• _WORK REQUEST_
Begin at the line containing "Fotos de Cantantes: FOTO" and copy exactly through the last line of the listing, skipping every picture.

• _RECORDS TO PROCESS_

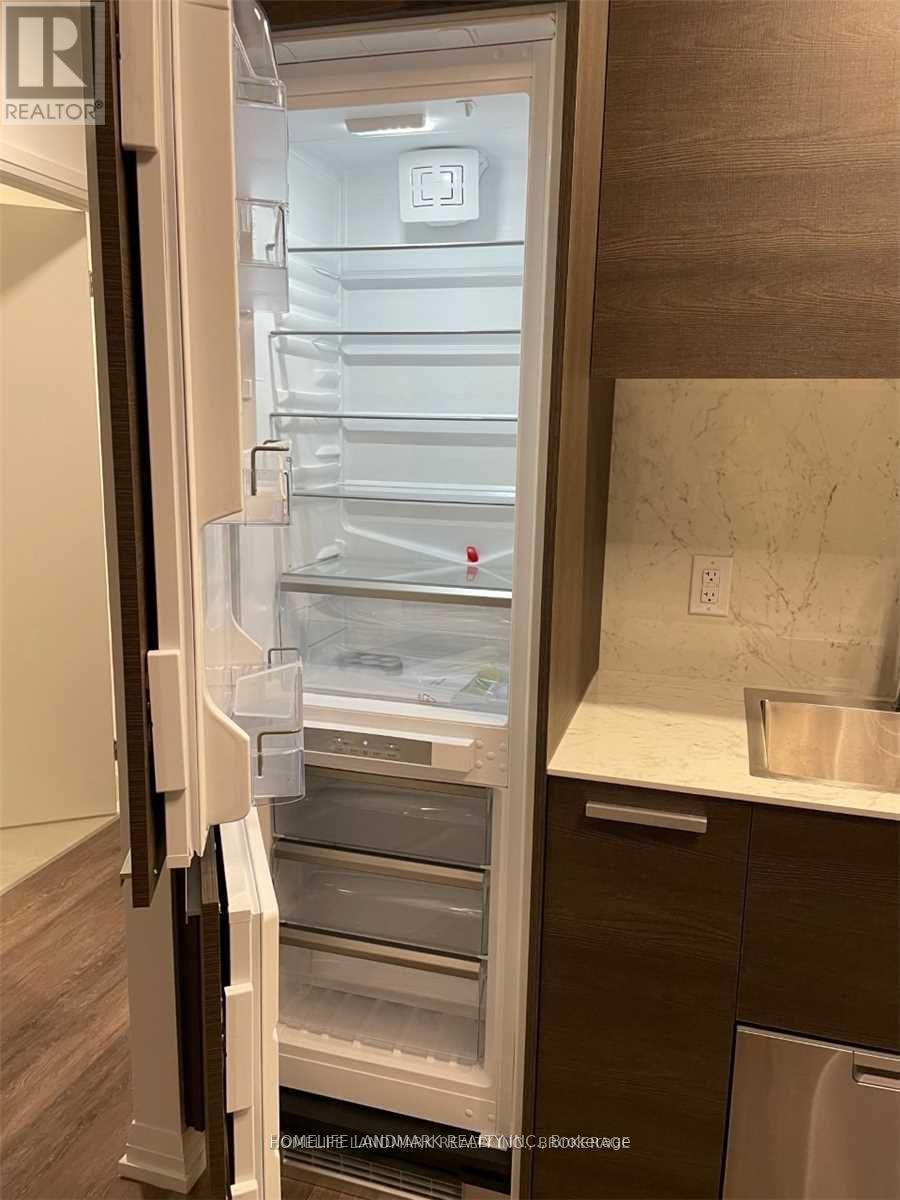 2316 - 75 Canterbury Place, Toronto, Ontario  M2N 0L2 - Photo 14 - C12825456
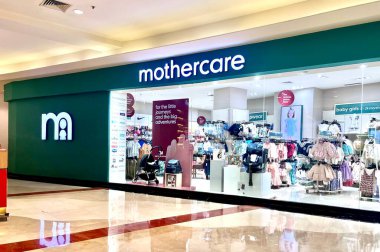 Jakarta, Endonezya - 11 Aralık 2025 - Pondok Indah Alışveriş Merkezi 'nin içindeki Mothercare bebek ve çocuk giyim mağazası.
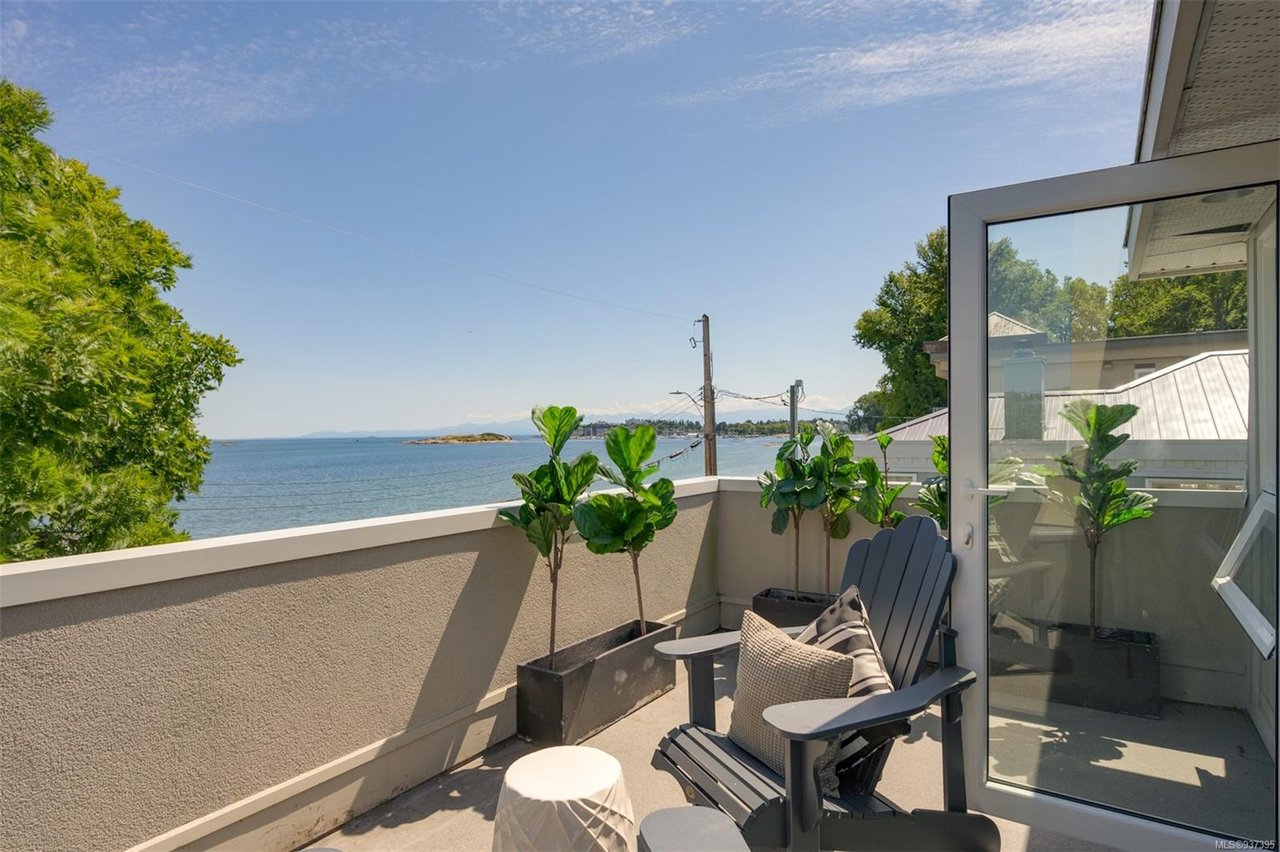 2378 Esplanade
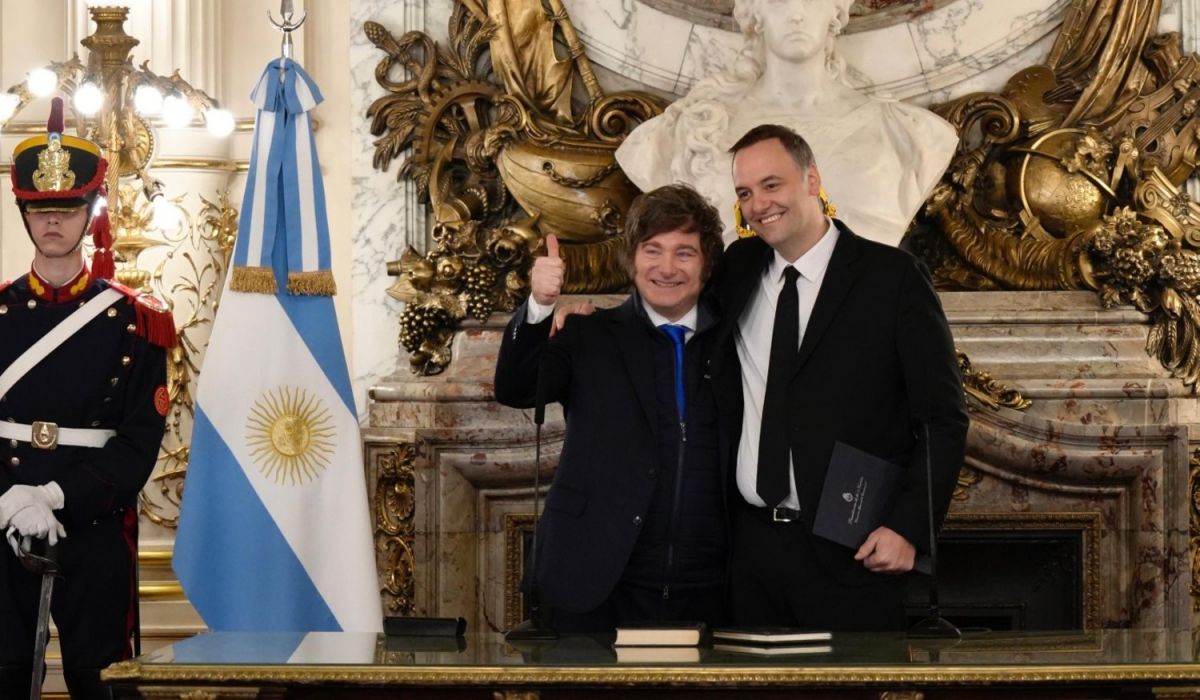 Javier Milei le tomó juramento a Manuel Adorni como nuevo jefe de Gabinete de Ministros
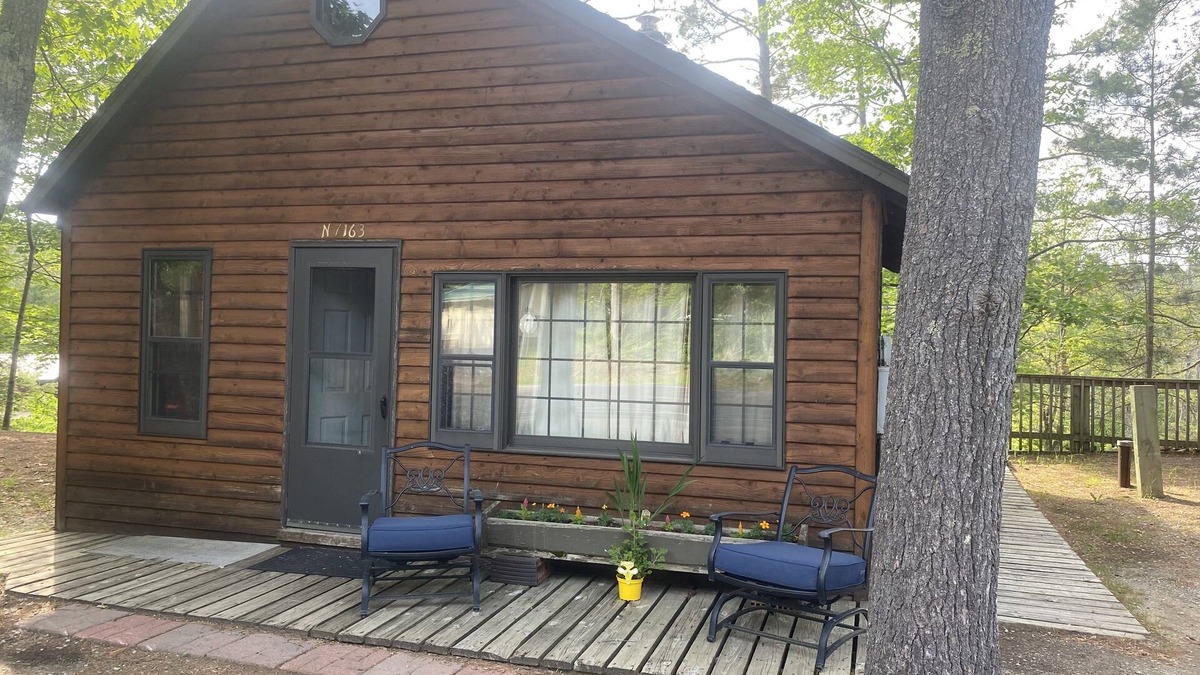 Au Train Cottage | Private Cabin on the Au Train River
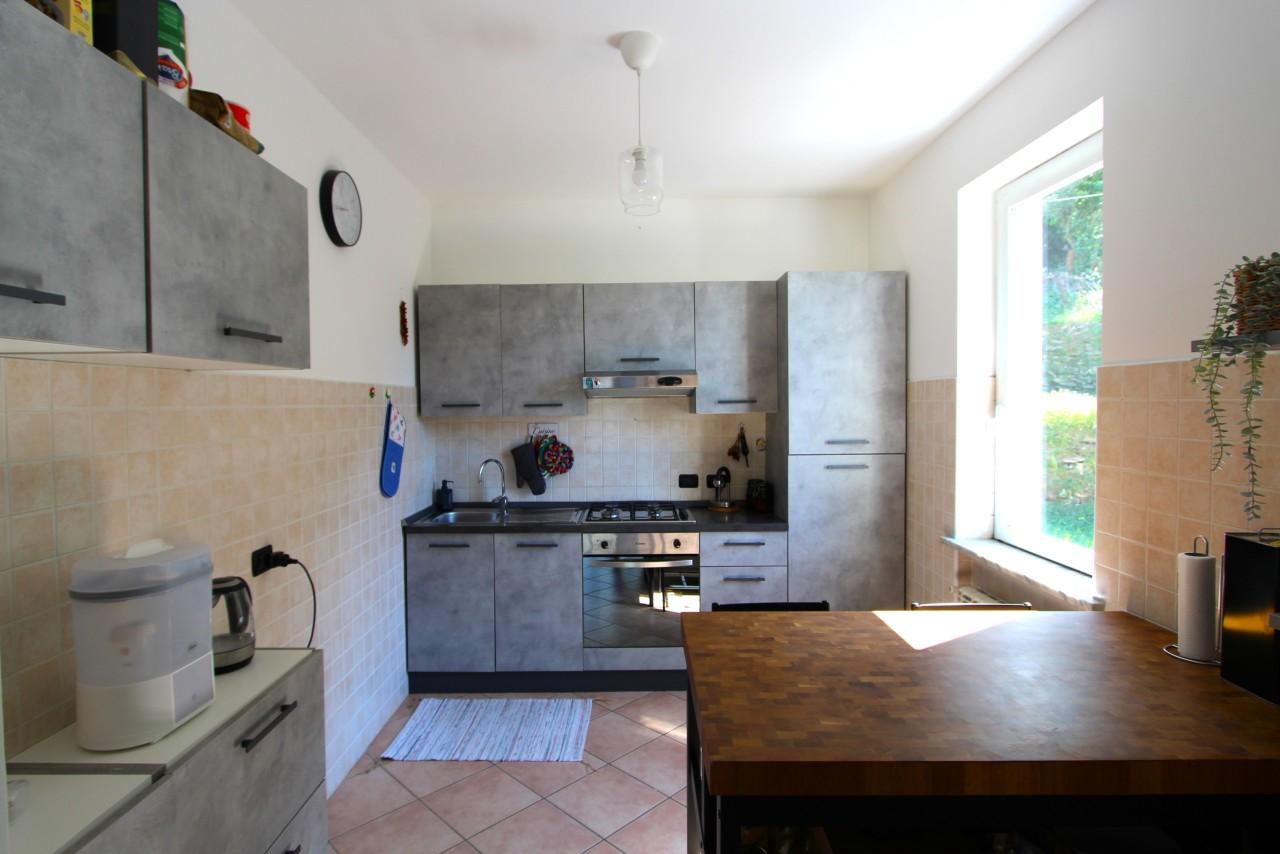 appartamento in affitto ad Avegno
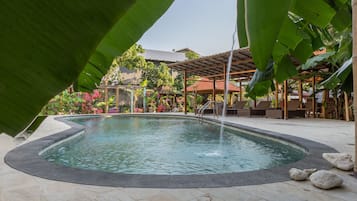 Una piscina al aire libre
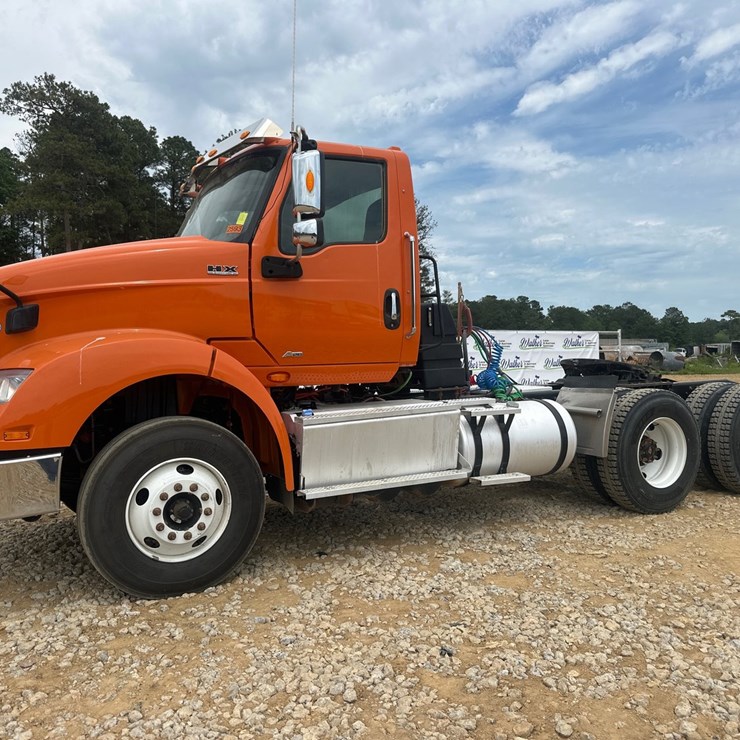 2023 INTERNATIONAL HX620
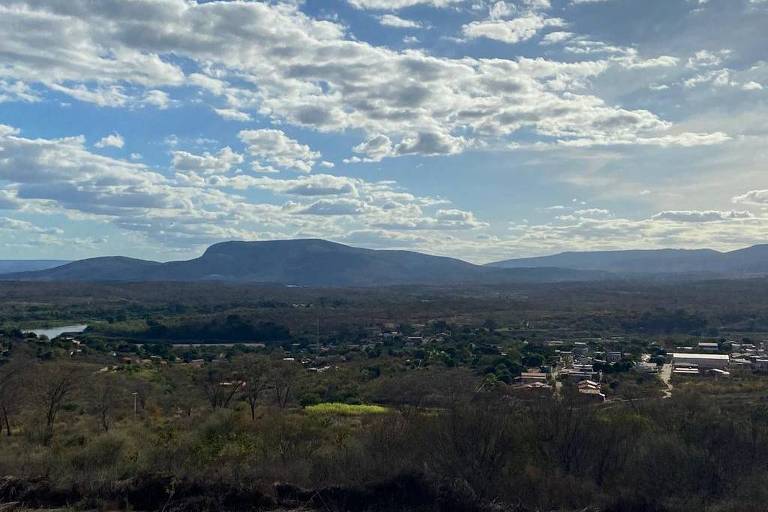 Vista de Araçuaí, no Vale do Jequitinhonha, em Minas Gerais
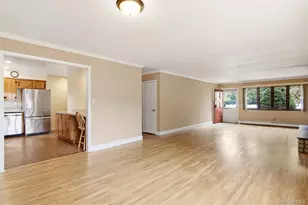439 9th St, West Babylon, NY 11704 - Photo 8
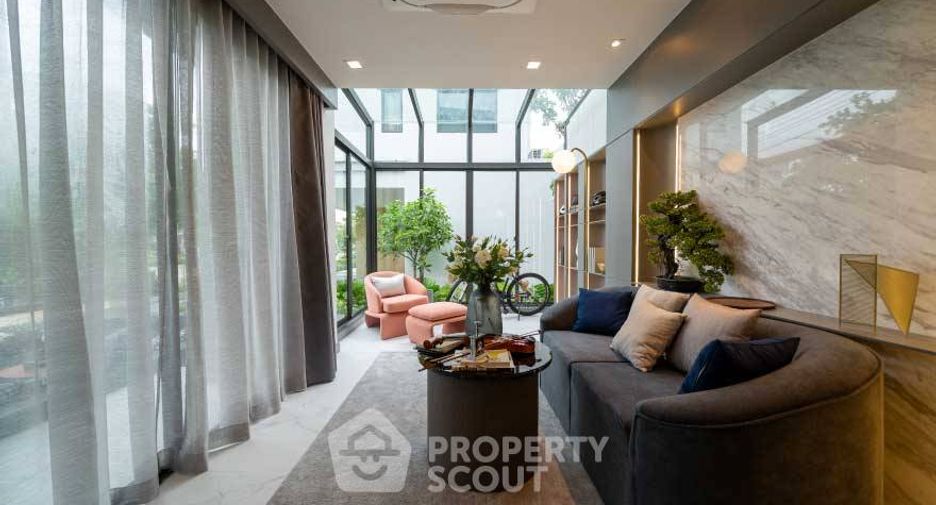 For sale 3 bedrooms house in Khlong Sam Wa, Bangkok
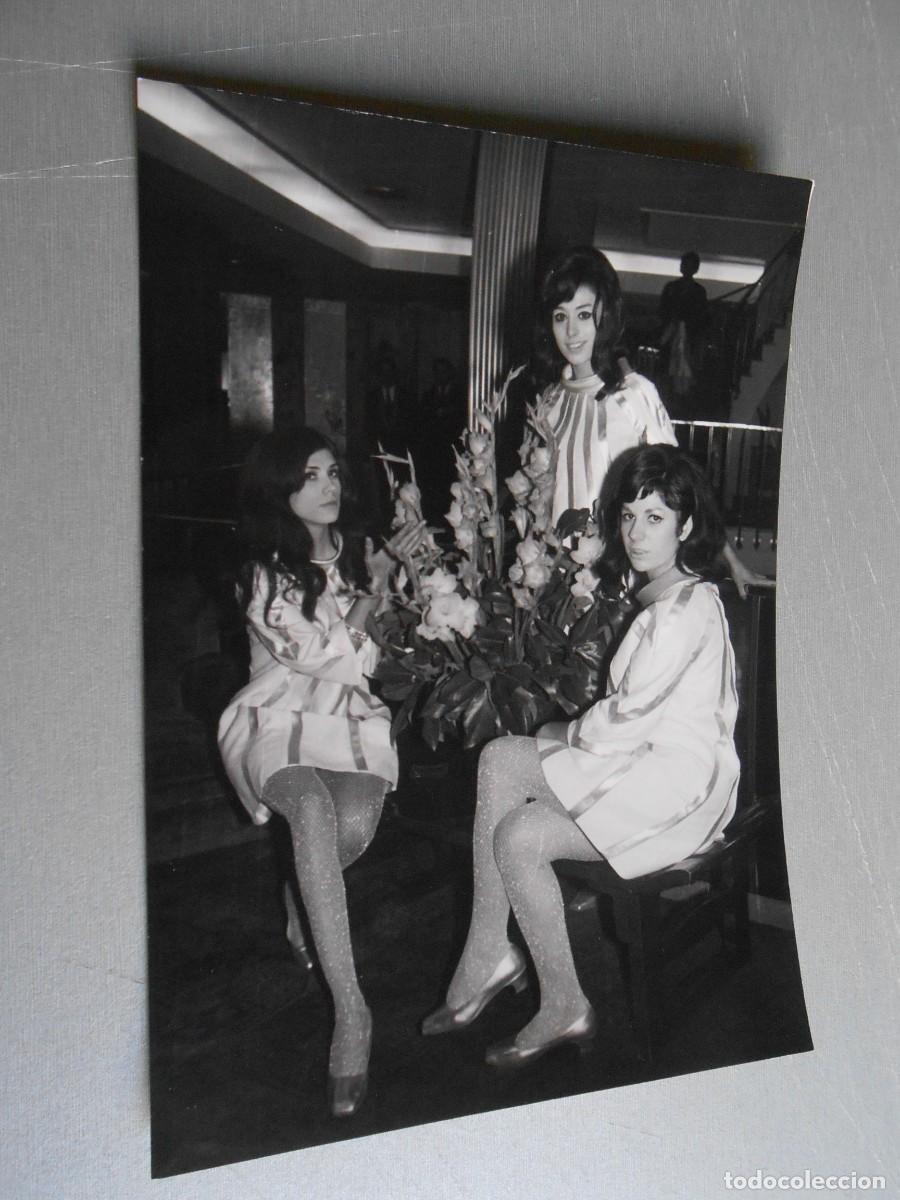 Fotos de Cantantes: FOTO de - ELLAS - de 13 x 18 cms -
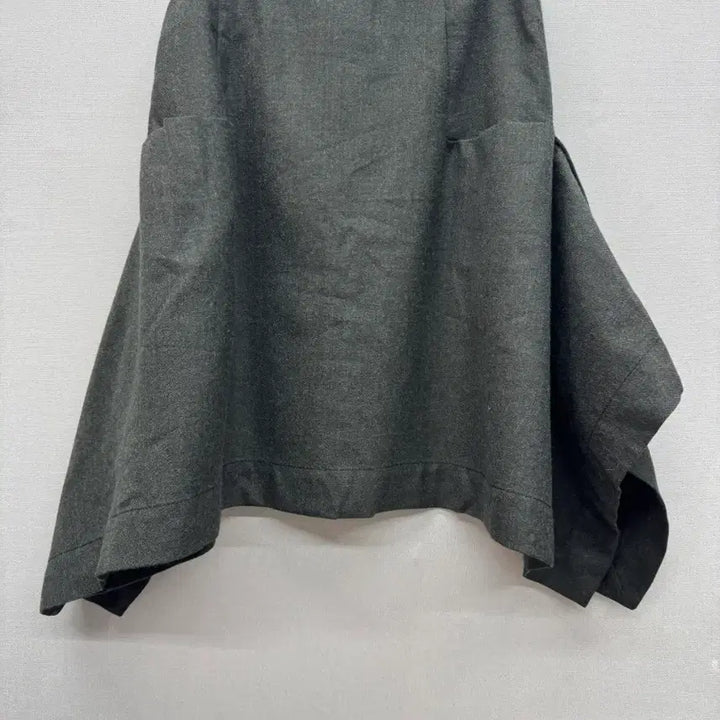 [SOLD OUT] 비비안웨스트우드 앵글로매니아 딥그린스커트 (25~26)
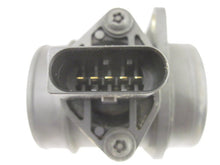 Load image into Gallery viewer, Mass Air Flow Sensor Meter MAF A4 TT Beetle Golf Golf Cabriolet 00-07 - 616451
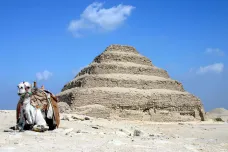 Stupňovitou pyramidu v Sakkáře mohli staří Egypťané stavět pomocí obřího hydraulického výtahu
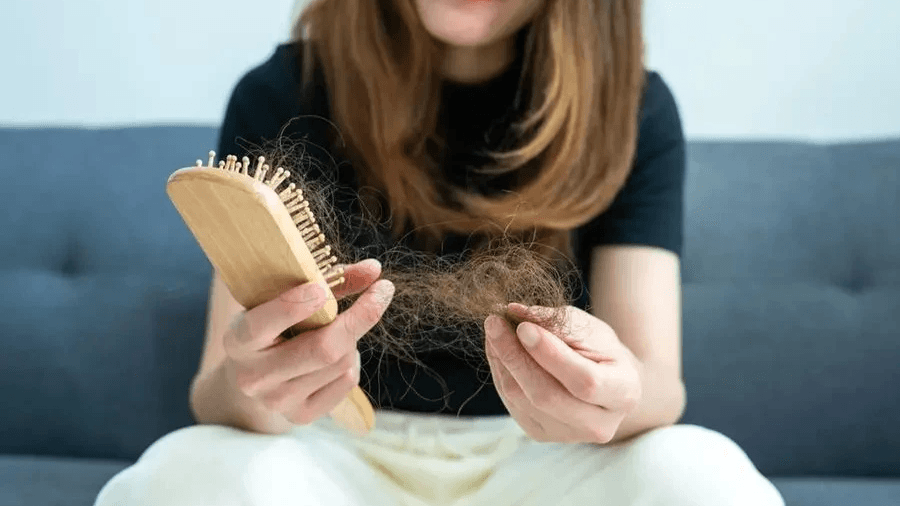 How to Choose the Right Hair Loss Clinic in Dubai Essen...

• _RESULT FOR THIS EXERCISE_
 Fotos de Cantantes: FOTO de - ELLAS - de 13 x 18 cms -
 [SOLD OUT] 비비안웨스트우드 앵글로매니아 딥그린스커트 (25~26)
 Load image into Gallery viewer, Mass Air Flow Sensor Meter MAF A4 TT Beetle Golf Golf Cabriolet 00-07 - 616451
 Stupňovitou pyramidu v Sakkáře mohli staří Egypťané stavět pomocí obřího hydraulického výtahu
 How to Choose the Right Hair Loss Clinic in Dubai Essen...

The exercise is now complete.